Besides exchange rate controls, China also has an array of schemes to regulate the size and extent of portfolio flows entering and exiting the country.
Inbound flows are regulated by quota based schemes for institutional investors like the Qualified Financial Institutional Investor (QFII) and its RMB counterpart, called RQFII. Two-way flow schemes include the Shanghai-Hong Kong stock connect, the Shenzhen-Hong Kong stock connect and the bond connect. Regulations on outbound retail flows have been stricter and authorities have sporadically suspended the Qualified Domestic Institutional Investor (QDII) scheme, the only scheme for retail investors to invest abroad.
Constraints to Internationalization
As a result of these controls, foreign holding of Chinese bonds and stocks is still in the low single digits, a very shallow level relative to its economic heft.
The longstanding bottleneck towards full RMB internationalization is the shallow and unsophisticated nature of China’s financial markets that cannot withstand the large volumes and volatility associated with international financial flows. This lack of depth can cause sudden spikes or crashes in asset prices as big money moves in or out of the country. Moreover, Chinese brokerages are far behind international standards in terms of their technological capabilities – several of them still trade manually. Quant funds have been asked to submit their orders to each broker manually since the stock market crash of 2015.
To achieve fuller RMB internationalization, China needs to open up its capital account and allow global flows into and (especially) out of the country or in economic parlance, let the RMB be ‘convertible on capital account’. However, the pilot project on RMB convertibility in the Shanghai Free Trade Zone (FTZ) was put on hold after the August 2015 depreciation, barely six months after its launch as capital controls were imposed to stop money from leaving the country.
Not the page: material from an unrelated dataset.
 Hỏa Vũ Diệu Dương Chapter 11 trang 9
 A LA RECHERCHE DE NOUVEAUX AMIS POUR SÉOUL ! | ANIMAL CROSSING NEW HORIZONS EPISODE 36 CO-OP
A more fundamental problem is the lack of independence of the PBoC and other regulatory bodies. Financial market participants are often used to fund bailouts and steer the domestic credit cycle. A set of local brokerages, mutual funds, insurance firms and other local entities (dubbed the ‘National Team’) were asked to support the equity market during the stock market crashes in June 2015 and October 2018. In February 2019 the government issued a policy directive explicitly asking the PBoC to cut the required reserve ratio to boost bank lending and the banking regulator to be more tolerant of non-performing loans.
In Perspective
Looking at historical precedents for internationalized currencies shows that the RMB’s position is unique. In contrast to the US Dollar, Deutsche Mark and the Japanese Yen whose internationalization was driven by market forces, RMB internationalization is state led. So the extent of RMB internationalization will always be subject to the government’s relative priorities between furthering RMB internationalization and manipulating financial market participants to fix other problems in the economy. Coupled with the subordinate status of financial regulators to the government, it puts a line in the sand for RMB internationalization.